A judge's ruling that temporarily thwarted the City of Toronto’s plans to boot Occupy protesters out of a downtown public park has raised some questions regarding the rights of people to set up camp in a public space.

Justice David Brown, who granted a temporary stay on eviction notices on Tuesday, will hear arguments from lawyers for the city and protesters on Friday, leaving municipal officials, for the time being, powerless to clear their own park. He is to make his decision on Monday.

At issue are the rights of the city to enforce its bylaws and remove protesters, who have been camping in the park for over a month, versus the protesters' constitutional rights of freedom of expression, assembly and association.

"Public authorities, governments, including municipal ones, are obliged to respect those rights and freedoms and to limit those rights and freedoms only when they can reasonably justify it," David Schneiderman, a professor of constitutional law at the University of Toronto, told CBC News.

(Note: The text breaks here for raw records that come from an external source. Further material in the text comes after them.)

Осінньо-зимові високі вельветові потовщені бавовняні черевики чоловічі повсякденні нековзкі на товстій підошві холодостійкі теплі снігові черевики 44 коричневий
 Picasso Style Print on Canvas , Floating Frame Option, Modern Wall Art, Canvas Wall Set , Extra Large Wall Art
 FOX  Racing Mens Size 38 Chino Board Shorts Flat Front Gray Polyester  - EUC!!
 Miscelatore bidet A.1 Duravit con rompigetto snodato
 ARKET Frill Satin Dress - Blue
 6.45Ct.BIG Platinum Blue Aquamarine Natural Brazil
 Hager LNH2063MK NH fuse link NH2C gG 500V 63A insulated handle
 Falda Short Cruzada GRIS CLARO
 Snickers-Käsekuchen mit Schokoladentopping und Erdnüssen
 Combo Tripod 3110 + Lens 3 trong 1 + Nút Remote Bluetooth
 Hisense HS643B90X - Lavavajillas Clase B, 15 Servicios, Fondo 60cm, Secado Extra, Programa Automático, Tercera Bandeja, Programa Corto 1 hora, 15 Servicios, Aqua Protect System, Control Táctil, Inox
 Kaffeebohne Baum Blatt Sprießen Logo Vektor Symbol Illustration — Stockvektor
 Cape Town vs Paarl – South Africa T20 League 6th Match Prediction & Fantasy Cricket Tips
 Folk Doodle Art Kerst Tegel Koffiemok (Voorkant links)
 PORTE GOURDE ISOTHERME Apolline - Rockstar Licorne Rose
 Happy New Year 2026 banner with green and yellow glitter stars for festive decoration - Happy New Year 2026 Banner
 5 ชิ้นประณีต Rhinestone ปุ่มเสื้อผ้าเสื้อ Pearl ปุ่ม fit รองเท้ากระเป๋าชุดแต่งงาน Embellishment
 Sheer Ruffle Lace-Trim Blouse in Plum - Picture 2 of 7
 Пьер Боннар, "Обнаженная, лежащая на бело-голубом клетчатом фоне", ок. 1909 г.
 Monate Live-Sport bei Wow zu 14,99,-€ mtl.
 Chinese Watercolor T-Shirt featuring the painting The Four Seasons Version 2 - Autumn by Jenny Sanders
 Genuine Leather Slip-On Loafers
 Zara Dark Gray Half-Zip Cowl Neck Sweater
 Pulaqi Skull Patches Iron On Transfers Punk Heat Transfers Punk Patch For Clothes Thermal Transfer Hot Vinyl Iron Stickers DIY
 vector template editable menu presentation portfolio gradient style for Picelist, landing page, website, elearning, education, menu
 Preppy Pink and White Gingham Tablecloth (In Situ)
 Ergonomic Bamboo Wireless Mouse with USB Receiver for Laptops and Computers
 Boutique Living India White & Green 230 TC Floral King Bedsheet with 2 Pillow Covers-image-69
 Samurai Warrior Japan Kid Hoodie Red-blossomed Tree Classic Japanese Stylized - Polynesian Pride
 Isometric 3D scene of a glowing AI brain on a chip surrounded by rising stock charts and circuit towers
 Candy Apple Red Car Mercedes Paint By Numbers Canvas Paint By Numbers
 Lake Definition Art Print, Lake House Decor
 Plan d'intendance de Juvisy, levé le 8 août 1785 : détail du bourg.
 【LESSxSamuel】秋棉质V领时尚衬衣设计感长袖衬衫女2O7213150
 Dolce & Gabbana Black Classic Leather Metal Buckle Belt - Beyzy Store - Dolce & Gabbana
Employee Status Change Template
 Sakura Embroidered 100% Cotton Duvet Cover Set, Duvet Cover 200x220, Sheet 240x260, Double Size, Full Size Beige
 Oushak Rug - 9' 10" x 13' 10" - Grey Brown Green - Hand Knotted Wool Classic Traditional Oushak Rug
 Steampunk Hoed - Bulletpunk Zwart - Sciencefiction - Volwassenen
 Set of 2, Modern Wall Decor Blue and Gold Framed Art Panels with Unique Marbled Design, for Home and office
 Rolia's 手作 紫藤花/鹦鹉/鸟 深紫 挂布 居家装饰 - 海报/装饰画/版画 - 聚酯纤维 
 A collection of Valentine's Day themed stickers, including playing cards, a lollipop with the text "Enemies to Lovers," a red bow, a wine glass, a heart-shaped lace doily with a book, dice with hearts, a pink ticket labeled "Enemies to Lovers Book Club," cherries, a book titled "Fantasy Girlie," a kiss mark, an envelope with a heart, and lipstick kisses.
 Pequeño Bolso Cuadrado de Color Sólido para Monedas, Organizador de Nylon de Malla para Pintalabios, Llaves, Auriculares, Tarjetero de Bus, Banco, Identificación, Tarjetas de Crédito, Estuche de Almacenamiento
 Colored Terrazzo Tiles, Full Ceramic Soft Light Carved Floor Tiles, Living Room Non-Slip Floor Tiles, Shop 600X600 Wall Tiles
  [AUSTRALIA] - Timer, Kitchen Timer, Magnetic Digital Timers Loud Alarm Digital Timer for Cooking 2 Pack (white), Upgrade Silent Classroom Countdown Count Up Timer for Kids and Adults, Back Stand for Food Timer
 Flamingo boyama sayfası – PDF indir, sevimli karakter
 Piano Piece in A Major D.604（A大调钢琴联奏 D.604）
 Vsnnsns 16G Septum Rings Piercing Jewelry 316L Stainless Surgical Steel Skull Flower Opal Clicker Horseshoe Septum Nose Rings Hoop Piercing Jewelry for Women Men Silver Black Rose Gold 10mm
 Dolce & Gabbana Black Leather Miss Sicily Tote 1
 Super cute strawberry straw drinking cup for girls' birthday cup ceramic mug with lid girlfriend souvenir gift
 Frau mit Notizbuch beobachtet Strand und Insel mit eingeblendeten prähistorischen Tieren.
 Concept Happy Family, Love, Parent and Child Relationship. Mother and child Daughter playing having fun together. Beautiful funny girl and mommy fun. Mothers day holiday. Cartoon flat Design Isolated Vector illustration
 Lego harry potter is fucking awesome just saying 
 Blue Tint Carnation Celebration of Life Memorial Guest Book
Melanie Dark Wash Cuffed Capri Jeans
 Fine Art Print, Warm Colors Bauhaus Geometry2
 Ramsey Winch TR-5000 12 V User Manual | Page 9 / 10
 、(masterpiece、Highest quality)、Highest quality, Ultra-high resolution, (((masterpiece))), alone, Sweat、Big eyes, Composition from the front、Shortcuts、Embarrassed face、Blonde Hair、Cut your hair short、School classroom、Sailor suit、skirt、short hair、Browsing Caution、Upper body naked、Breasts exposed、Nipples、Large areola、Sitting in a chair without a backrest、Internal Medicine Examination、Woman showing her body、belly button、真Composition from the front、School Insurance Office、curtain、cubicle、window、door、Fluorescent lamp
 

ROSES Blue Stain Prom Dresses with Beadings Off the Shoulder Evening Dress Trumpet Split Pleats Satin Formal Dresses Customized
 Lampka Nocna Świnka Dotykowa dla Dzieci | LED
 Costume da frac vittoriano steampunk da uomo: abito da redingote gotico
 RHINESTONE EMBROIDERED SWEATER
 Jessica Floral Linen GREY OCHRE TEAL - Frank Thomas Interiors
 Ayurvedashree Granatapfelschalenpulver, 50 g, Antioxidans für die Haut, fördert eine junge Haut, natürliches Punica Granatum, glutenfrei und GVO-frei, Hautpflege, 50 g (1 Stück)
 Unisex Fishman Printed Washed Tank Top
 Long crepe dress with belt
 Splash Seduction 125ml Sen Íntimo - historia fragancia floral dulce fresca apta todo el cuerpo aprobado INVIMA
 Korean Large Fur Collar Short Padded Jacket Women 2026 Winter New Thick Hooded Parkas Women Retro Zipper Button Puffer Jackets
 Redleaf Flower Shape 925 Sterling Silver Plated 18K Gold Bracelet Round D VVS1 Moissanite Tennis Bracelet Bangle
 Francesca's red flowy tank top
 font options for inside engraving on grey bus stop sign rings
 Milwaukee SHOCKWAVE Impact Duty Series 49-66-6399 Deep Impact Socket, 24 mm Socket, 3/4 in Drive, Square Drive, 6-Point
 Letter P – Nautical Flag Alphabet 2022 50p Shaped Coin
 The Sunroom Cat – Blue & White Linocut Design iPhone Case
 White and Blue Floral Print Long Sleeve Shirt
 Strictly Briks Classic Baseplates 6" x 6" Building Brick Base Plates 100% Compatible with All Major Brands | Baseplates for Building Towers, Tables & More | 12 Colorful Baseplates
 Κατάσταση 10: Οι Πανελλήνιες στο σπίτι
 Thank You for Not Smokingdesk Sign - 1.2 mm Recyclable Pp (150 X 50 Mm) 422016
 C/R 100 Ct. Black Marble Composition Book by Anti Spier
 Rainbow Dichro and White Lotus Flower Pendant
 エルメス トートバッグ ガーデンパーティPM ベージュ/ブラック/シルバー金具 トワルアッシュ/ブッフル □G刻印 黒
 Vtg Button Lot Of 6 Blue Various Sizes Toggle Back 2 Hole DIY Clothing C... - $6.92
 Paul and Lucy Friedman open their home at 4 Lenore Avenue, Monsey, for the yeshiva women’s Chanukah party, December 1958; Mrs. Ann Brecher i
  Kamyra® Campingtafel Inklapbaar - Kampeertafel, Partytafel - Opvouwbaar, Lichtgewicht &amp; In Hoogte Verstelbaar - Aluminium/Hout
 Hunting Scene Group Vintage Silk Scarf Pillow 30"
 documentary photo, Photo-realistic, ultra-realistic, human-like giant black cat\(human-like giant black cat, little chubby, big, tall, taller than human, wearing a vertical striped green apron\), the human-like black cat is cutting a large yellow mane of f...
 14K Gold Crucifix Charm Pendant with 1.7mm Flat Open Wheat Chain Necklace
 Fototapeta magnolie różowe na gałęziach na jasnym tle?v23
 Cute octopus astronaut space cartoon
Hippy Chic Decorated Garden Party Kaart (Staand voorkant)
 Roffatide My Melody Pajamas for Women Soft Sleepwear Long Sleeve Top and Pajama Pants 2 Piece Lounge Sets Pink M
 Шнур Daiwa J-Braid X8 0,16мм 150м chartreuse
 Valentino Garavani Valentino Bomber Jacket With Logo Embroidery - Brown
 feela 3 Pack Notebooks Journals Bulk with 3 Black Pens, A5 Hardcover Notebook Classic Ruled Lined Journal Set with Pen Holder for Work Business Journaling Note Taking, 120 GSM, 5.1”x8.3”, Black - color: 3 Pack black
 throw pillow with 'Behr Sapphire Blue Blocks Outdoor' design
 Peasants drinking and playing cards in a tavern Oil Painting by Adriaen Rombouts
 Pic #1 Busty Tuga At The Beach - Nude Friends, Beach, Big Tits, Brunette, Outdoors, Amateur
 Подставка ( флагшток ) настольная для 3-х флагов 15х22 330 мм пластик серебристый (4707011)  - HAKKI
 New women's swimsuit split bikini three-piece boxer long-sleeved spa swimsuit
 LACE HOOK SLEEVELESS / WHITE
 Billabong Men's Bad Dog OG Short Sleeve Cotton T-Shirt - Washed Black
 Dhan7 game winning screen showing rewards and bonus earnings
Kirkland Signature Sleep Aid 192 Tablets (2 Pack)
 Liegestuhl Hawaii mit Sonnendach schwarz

Section 1 of the Charter of Rights and Freedoms guarantees those rights "subject only to such reasonable limits prescribed by law as can be demonstrably justified in a free and democratic society." Schneiderman points that while the city has an obligation to take measures in defence of the public interests, it must be "reasonable in the circumstances."

Ultimately, the burden shifts to the city to justify the measures that it's taken — in this case, issuing eviction notices — and determine if that’s "proportionate or is this overkill? Are there other alternatives?"

The charter comes into play because the city bylaws — that prohibit erecting tents and structures and camping overnight — effectively ban the protest, Schneiderman said.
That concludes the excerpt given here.